Wall’s hero, The Cat, is an American assassin, a trained killer whose
role has been the elimination of terrorists and others beyond the reach
of normal legal redress. The Cat is an unusual killer, and an unusual
hero. He sports a growing pot belly and has a serious drinking problem
that he does nothing to address.

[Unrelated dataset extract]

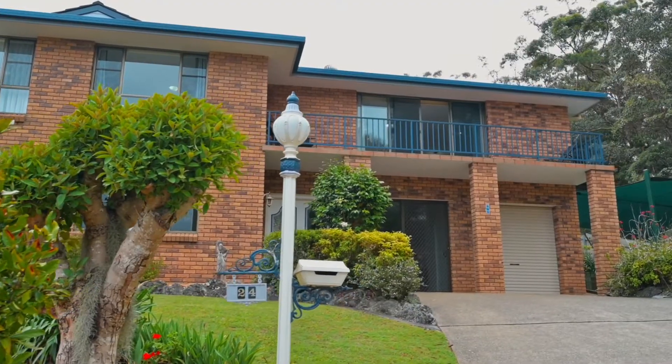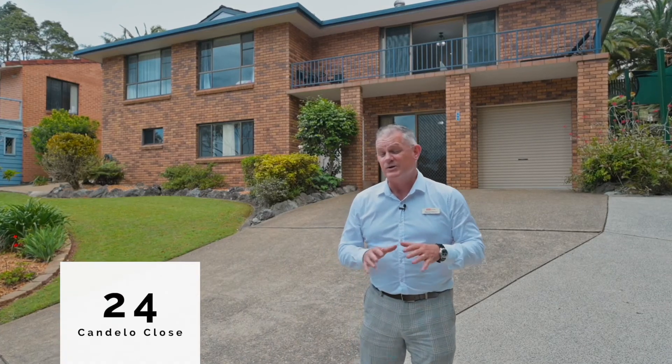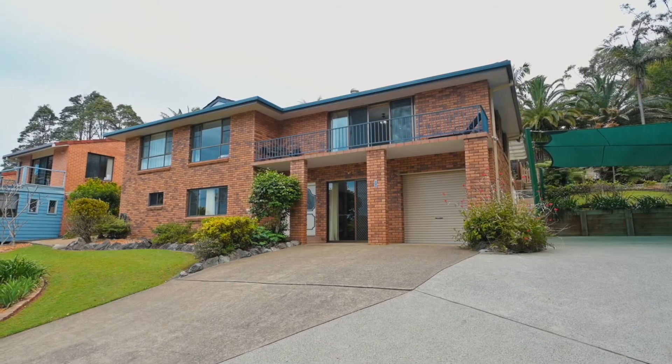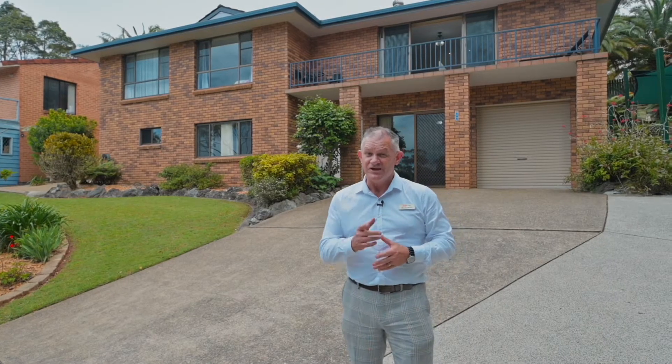Welcome, and thanks for joining me. David Plews from the Elders Lifestyle Group. Here we are today at number 24 Candelo Close, here in the Hastings area — not too far from town, not too far from the beaches. One sizeable home; I think we should have a look.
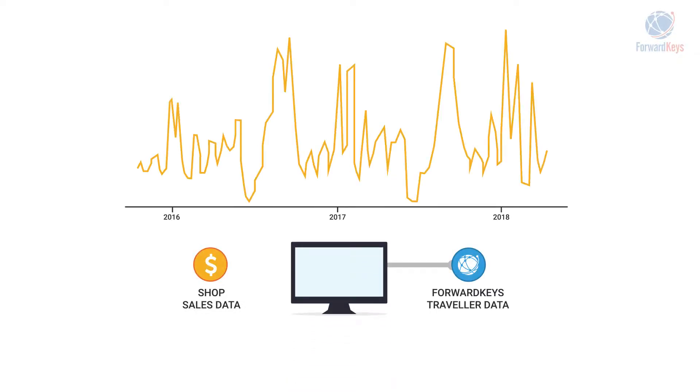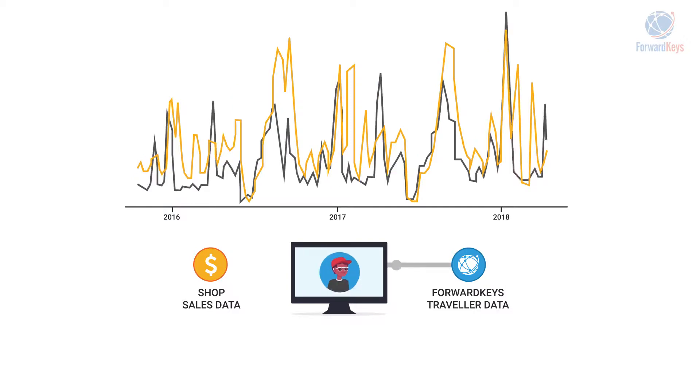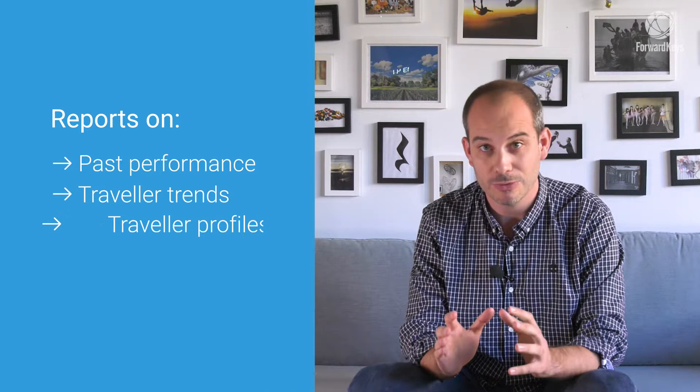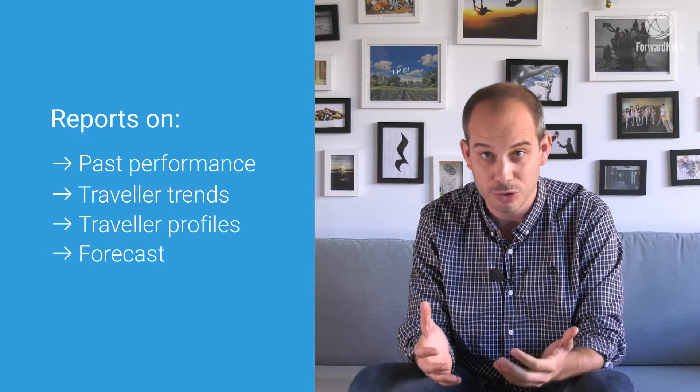In this particular case, we found out that the passenger profile that best correlated with their performance were people traveling in at least a group of two and staying at least one night at the location. As a result of this close to perfect correlation, we now provide this client with reports about their past performance, about the traveler trends of this particular passenger profile, and with forecasts about the future so they can optimize their marketing strategy or even their operations at the locations.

When he is recalled from retirement to
avenge the death of several Americans, including his own brother,
Wall’s hero uncovers a conspiracy that may reach into both the White
House and the Kremlin.

The book suffers somewhat from extended flashbacks, and an unlikely
love story, but it remains a solid thriller that will appeal to those
who enjoy good espionage fiction.

Citation

Wall, Robert E., “The Cat and the Rat,” Canadian Book Review Annual Online, accessed December 26, 2024, https://cbra.library.utoronto.ca/items/show/12076.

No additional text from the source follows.